*** MATERIAL PROVIDED ***
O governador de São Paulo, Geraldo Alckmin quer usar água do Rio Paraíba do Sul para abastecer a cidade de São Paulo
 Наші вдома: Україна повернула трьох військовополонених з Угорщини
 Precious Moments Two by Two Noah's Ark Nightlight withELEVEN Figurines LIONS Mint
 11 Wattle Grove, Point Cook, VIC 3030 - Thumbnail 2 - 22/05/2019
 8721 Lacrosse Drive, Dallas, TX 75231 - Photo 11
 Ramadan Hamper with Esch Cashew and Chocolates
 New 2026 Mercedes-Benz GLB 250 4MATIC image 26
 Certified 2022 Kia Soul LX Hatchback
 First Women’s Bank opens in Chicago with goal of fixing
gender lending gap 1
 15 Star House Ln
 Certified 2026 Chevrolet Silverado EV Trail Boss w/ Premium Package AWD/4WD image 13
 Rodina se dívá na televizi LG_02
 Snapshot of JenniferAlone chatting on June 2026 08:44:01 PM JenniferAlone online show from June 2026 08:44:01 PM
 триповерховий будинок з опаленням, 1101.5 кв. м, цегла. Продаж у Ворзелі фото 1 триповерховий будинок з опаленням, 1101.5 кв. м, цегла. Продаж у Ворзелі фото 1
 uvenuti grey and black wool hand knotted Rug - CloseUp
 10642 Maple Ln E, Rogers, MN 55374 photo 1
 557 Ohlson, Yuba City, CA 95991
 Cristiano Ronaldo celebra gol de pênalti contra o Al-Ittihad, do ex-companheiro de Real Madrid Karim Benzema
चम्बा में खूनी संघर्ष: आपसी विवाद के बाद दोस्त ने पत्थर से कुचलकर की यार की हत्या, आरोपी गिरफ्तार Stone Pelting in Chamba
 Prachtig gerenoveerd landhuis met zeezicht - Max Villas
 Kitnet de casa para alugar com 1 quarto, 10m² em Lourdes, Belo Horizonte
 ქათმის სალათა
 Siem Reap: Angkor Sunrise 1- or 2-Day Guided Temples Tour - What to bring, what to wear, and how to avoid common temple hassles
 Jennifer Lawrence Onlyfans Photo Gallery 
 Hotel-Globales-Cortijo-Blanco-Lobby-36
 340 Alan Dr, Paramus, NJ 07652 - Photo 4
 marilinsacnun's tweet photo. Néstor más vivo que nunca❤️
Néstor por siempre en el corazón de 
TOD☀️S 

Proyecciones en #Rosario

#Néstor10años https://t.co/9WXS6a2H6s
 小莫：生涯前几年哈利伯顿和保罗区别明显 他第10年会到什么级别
*** End of MATERIAL PROVIDED ***
### WORK INSTRUCTION
Copy out each line of the data exactly.

### WRITTEN RESPONSE
O governador de São Paulo, Geraldo Alckmin quer usar água do Rio Paraíba do Sul para abastecer a cidade de São Paulo
 Наші вдома: Україна повернула трьох військовополонених з Угорщини
 Precious Moments Two by Two Noah's Ark Nightlight withELEVEN Figurines LIONS Mint
 11 Wattle Grove, Point Cook, VIC 3030 - Thumbnail 2 - 22/05/2019
 8721 Lacrosse Drive, Dallas, TX 75231 - Photo 11
 Ramadan Hamper with Esch Cashew and Chocolates
 New 2026 Mercedes-Benz GLB 250 4MATIC image 26
 Certified 2022 Kia Soul LX Hatchback
 First Women’s Bank opens in Chicago with goal of fixing
gender lending gap 1
 15 Star House Ln
 Certified 2026 Chevrolet Silverado EV Trail Boss w/ Premium Package AWD/4WD image 13
 Rodina se dívá na televizi LG_02
 Snapshot of JenniferAlone chatting on June 2026 08:44:01 PM JenniferAlone online show from June 2026 08:44:01 PM
 триповерховий будинок з опаленням, 1101.5 кв. м, цегла. Продаж у Ворзелі фото 1 триповерховий будинок з опаленням, 1101.5 кв. м, цегла. Продаж у Ворзелі фото 1
 uvenuti grey and black wool hand knotted Rug - CloseUp
 10642 Maple Ln E, Rogers, MN 55374 photo 1
 557 Ohlson, Yuba City, CA 95991
 Cristiano Ronaldo celebra gol de pênalti contra o Al-Ittihad, do ex-companheiro de Real Madrid Karim Benzema
चम्बा में खूनी संघर्ष: आपसी विवाद के बाद दोस्त ने पत्थर से कुचलकर की यार की हत्या, आरोपी गिरफ्तार Stone Pelting in Chamba
 Prachtig gerenoveerd landhuis met zeezicht - Max Villas
 Kitnet de casa para alugar com 1 quarto, 10m² em Lourdes, Belo Horizonte
 ქათმის სალათა
 Siem Reap: Angkor Sunrise 1- or 2-Day Guided Temples Tour - What to bring, what to wear, and how to avoid common temple hassles
 Jennifer Lawrence Onlyfans Photo Gallery 
 Hotel-Globales-Cortijo-Blanco-Lobby-36
 340 Alan Dr, Paramus, NJ 07652 - Photo 4
 marilinsacnun's tweet photo. Néstor más vivo que nunca❤️
Néstor por siempre en el corazón de 
TOD☀️S 

Proyecciones en #Rosario

#Néstor10años https://t.co/9WXS6a2H6s
 小莫：生涯前几年哈利伯顿和保罗区别明显 他第10年会到什么级别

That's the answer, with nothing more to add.